On Sun, Nov 30, 2014 at 7:27 PM, Ethan Furman <ethan@stoneleaf.us> wrote:
I think that's doable -- assuming I'm remembering correctly the slightly weird class vs. instance lookup rules for special methods, you can write a module subclass like class GetAttrModule(types.ModuleType): def __getattr__(self, name): return self.__dict__["__getattr__"](name) and then use ctypes hacks to get it into sys.modules[__name__]. -n -- Nathaniel J. Smith Postdoctoral researcher - Informatics - University of Edinburgh http://vorpus.org

On 11/30/2014 03:41 PM, Terry Reedy wrote:
My understanding of one of the use-cases was being able to issue warnings about deprecated attributes, which would be most effective if a backport could be written for current versions. -- ~Ethan~

On Sun, 30 Nov 2014 11:15:50 -0800 Guido van Rossum <guido@python.org> wrote:
builtins are typically found by first looking up in the current globals (module) scope, failing, and then falling back on __builtins__. Depending on how much overhead is added to the "failing" step, there /might/ be a performance difference. Of course, that would only occur wherever a __getattr__ hook is defined. Regards Antoine.

On Sun, Nov 30, 2014 at 1:12 PM, Antoine Pitrou <solipsis@pitrou.net> wrote:
The builtins lookup process never does a module attribute lookup -- it only does dict lookups. So it would not be affected by a module __getattr__ hook (unless we were to use dict proxies, which Nathaniel already rejected). @Nathaniel: perhaps you could get what you want without any C code changes using the approach of Brett's LazyLoader? -- --Guido van Rossum (python.org/~guido)

On Sun, Nov 30, 2014 at 2:54 AM, Guido van Rossum <guido@python.org> wrote:
You need to allow overriding __dir__ as well for tab-completion, and some people wanted to use the properties API instead of raw __getattr__, etc. Maybe someone will want __getattribute__ semantics, I dunno. So since we're *so close* to being able to just use the subclassing machinery, it seemed cleaner to try and get that working instead of reimplementing bits of it piecewise. That said, __getattr__ + __dir__ would be enough for my immediate use cases. -n
-- Nathaniel J. Smith Postdoctoral researcher - Informatics - University of Edinburgh http://vorpus.org

On Sun, Nov 30, 2014 at 11:29 AM, Nathaniel Smith <njs@pobox.com> wrote:
Hm... I agree about __dir__ but the other things feel too speculative.
That would really be option 1, right? It's the one that looks cleanest from the user's POV (or at least from the POV of a developer who wants to build a framework using this feature -- for a simple one-off use case, __getattr__ sounds pretty attractive). I think that if we really want option 1, the issue of PyModuleType not being a heap type can be dealt with.
That said, __getattr__ + __dir__ would be enough for my immediate use cases.
Perhaps it would be a good exercise to try and write the "lazy submodule import"(*) use case three ways: (a) using only CPython 3.4; (b) using __class__ assignment; (c) using customizable __getattr__ and __dir__. I think we can learn a lot about the alternatives from this exercise.
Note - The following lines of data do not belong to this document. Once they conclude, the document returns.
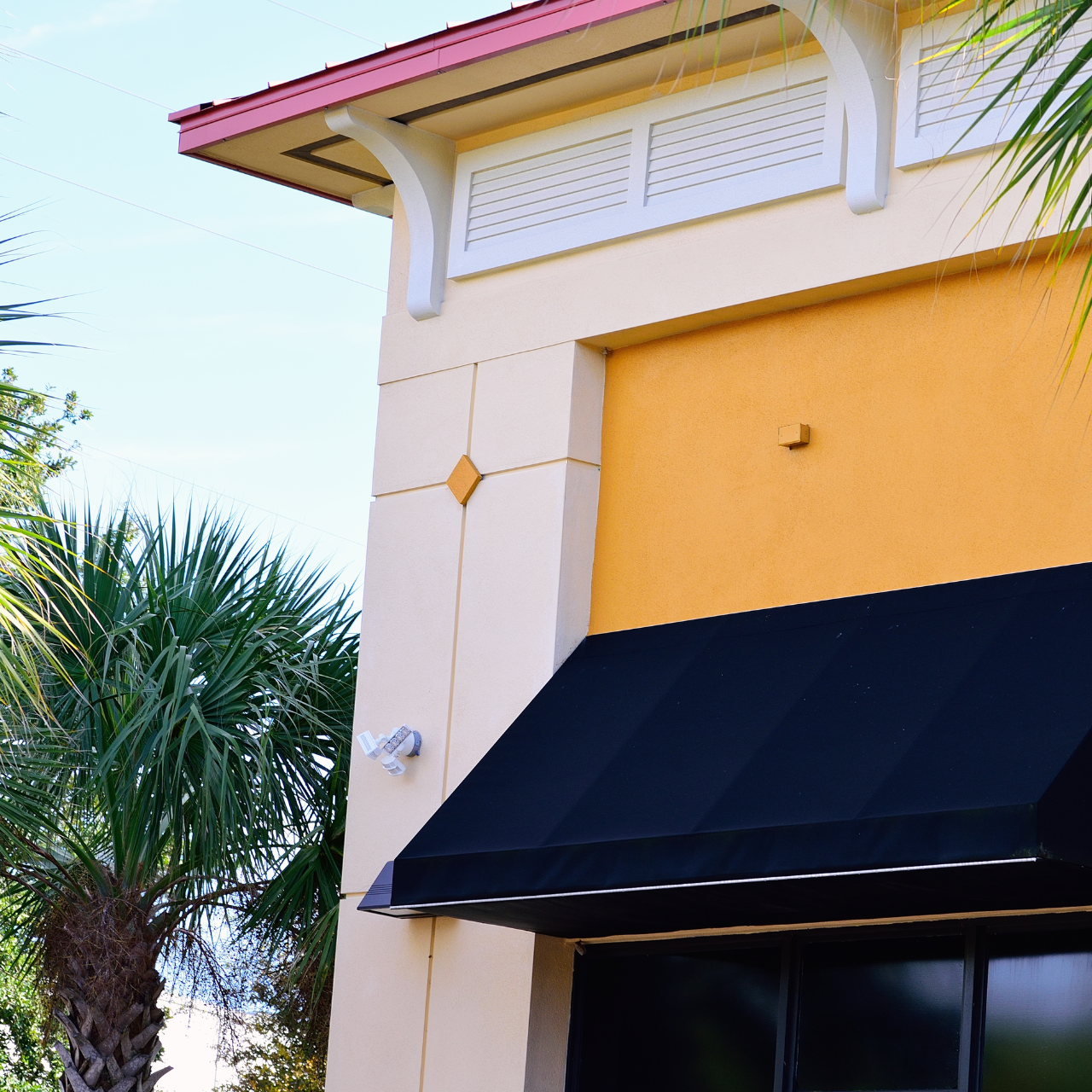 A yellow building with a black awning on the side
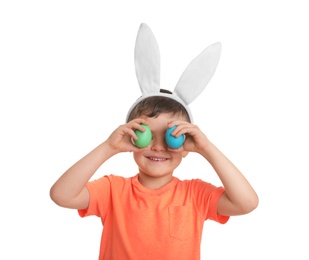 Photo of Little boy in bunny ears headband holding Easter eggs near eyes on white background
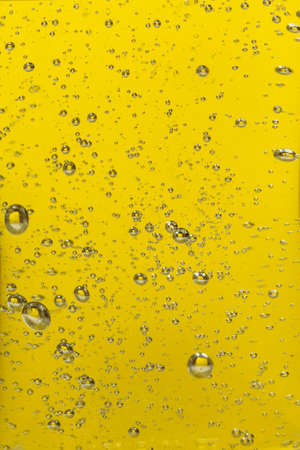 closeup of oil bubbles yellow backgroundの写真素材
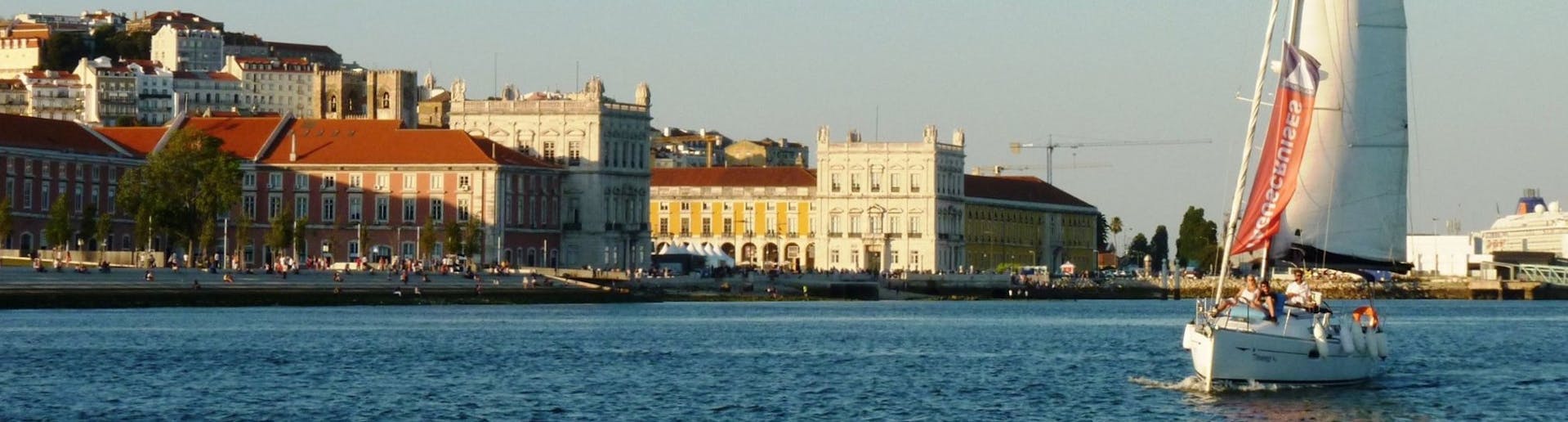 Un voilier avec la ville historique de Lisbonne en arrière-plan, lors d'une balade en bateau l'après-midi avec Taguscruises Lisbon.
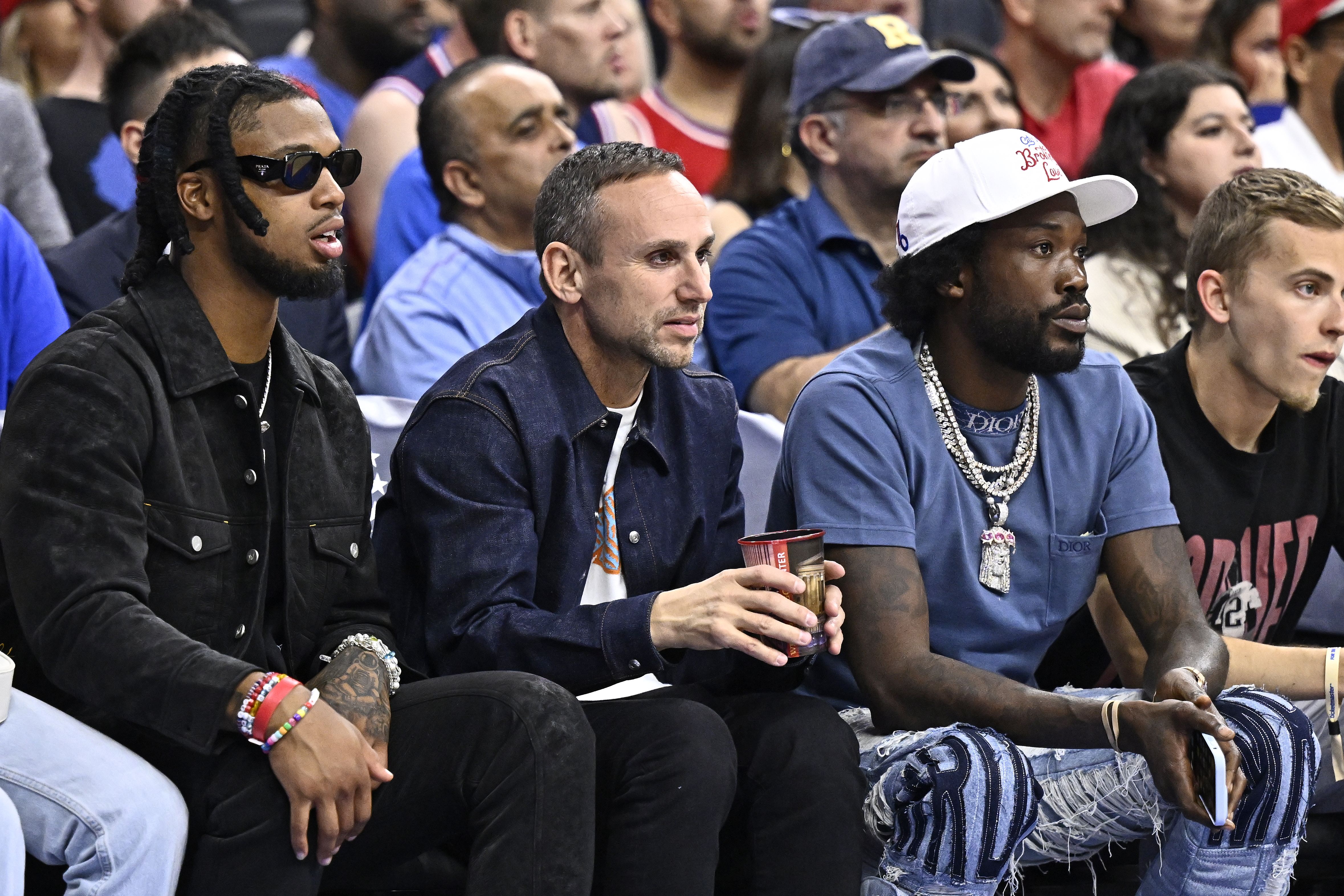 Michael Rubin, middle, and Meek Mill sitting court side during Game 6 of the Philadelphia 76ers second-round playoff matchup with the Boston Celtics.
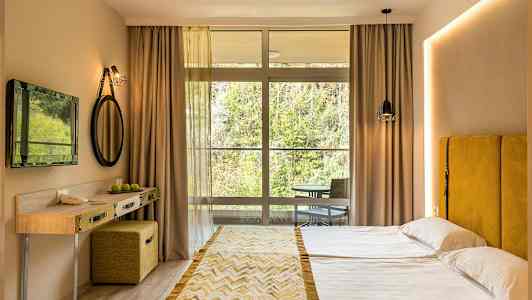 Ett hotellrum med en dubbel bädd, gul sänggavel, litet skrivbord, och en stor fönsterfront mot naturen. (AI-genererad text)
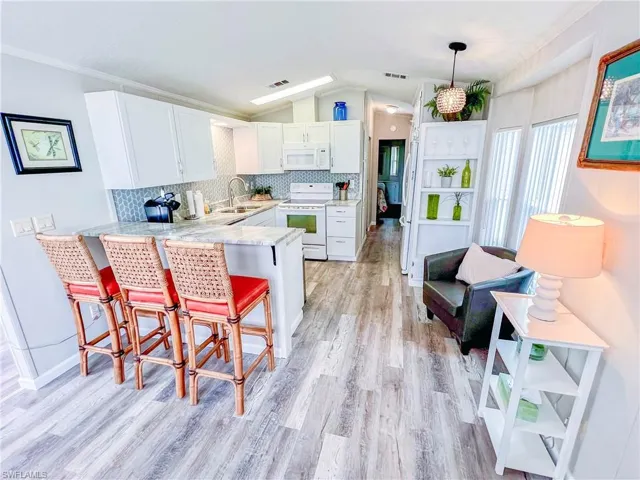 kitchen with beautiful granite counters and updated appliances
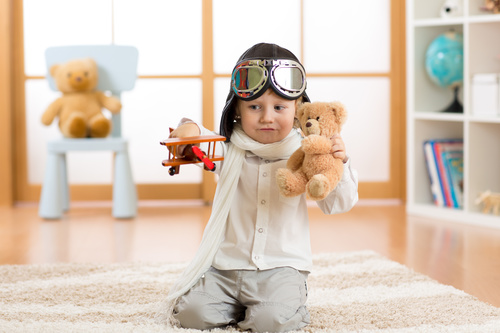 Child holding teddy bear play wooden plane Stock Photo 01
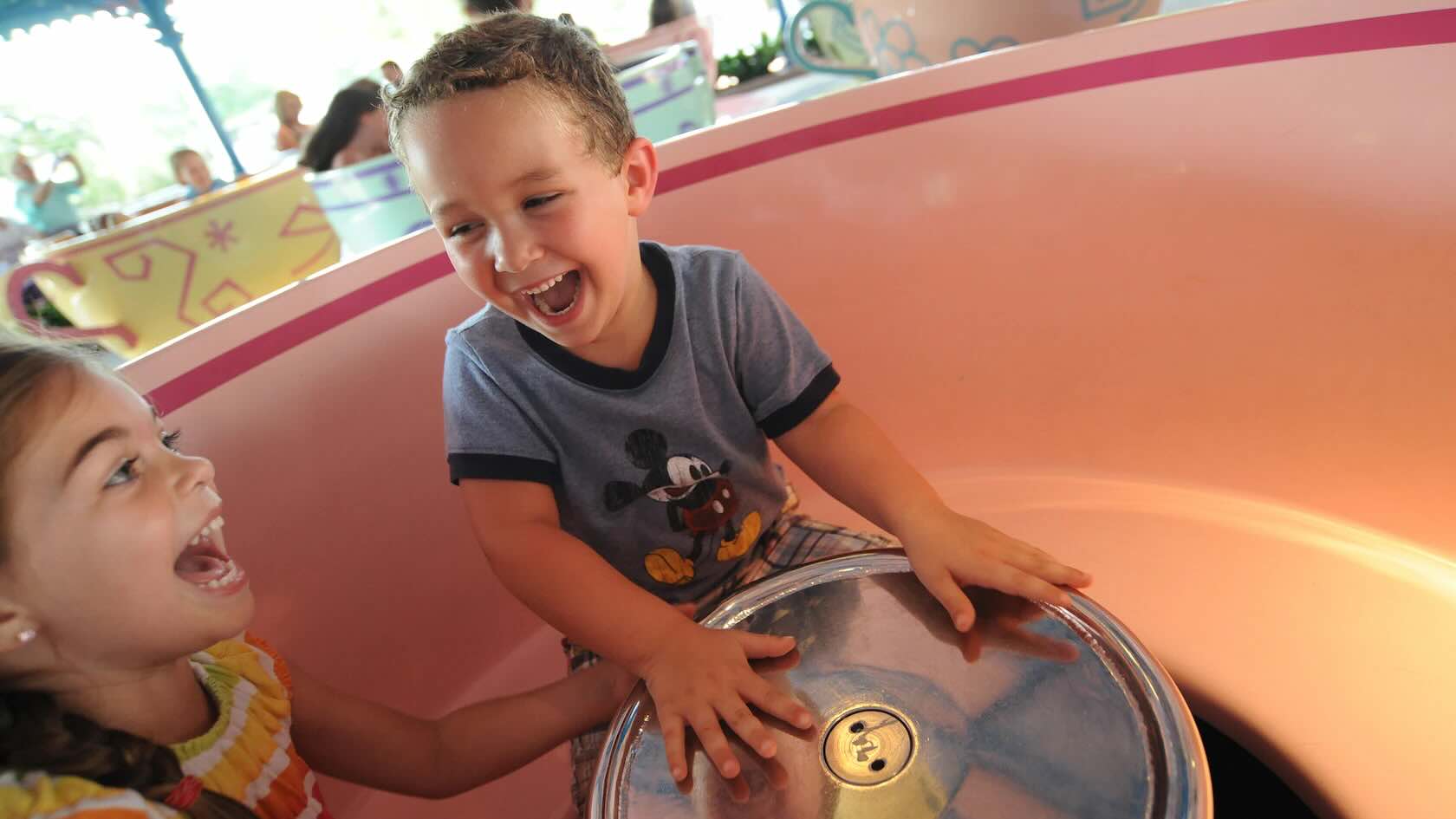 Two kids having fun spinning in the teacups ride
I presume there's already a version of (a) floating around, but if it's been used in practice at all, it's probably too gnarly to serve as a useful comparison (though its essence may be extracted to serve as such). FWIW I believe all proposals here have a big limitation: the module *itself* cannot benefit much from all these shenanigans, because references to globals from within the module's own code are just dictionary accesses, and we don't want to change that. (*) I originally wrote "lazy import", but I realized that messing with the module class object probably isn't the best way to implement that -- it requires a proxy for the module that's managed by an import hook. But if you think it's possible, feel free to use this example, as "lazy import" seems a pretty useful thing to have in many situations. (At least that's how I would do it. And I would probably add some atrocious hack to patch up the importing module's globals once the module is actually loaded, to reduce the cost of using the proxy over the lifetime of the process. -- --Guido van Rossum (python.org/~guido)

On Sun Nov 30 2014 at 3:55:39 PM Guido van Rossum <guido@python.org> wrote:
Start at https://hg.python.org/cpython/file/64bb01bce12c/Lib/importlib/util.py#l207 and read down the rest of the file. It really only requires changing __class__ to drop the proxy and that's done immediately after the lazy import. The approach also occurs *after* the finder so you don't get ImportError for at least missing a file.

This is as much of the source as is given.